Budismo é a tradição formada a partir das práticas ensinadas por Sidarta Gautama 563 ou 623 a.C. em Lumbini, Nepal, na época Índia, conhecido como Buda Shakyamuni "sábio dos Shakyas", é a figura-chave do budismo há pelo menos 2.500 anos.

De acordo com a Tradição Hindu, Buda é um Avatar de Vishnu (Deus Supremo), baseados nas escrituras Upanishads, Vishnu e Bhagavad Purana. A palavra Buda vem de Bodh, que significa despertar.

Ao despertar, se iluminar Buda pensa que isso não poderia ser compartilhado, porém Brahma teria solicitado que ele ensinasse o que havia conquistado, porque alguns seres poderiam reconhecer o que ele reconheceu.

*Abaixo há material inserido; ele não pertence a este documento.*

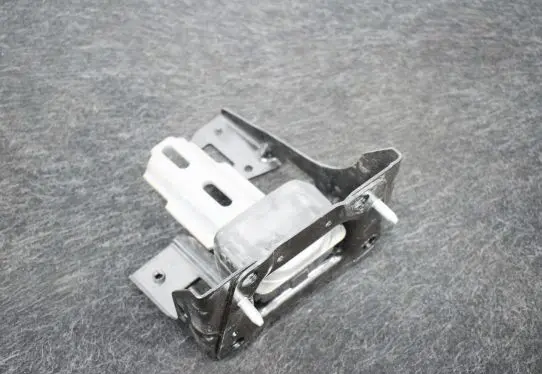 Citroen DS3 Engine mount bracket 9680293280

Os ensinamentos atribuídos a Gautama foram repassados através da tradição oral, ensina as Quatro Nobres Verdades e o Nobre Caminho Óctuplo. A prática central de quase todas as linhas budistas é a meditação, método e resultado para uma familiarização e entendimento sobre a própria mente, práticas para controle do ego, e o despertar para iluminação. Buda dizia que seu ensinamento ia contra o sistema, ao contrariar os infinitos desejos egoístas do homem, "Atingi esta Verdade que é profunda, difícil de ver, difícil de compreender, compreensível somente aos sábios, os homens submetidos pelas paixões e cegos pela obscuridade não podem ver essa Verdade, que vai contra o sistema, porque é sublime, profunda, sútil e difícil de compreender". A filosofia sobre o caminho e os resultados variam conforme a escola.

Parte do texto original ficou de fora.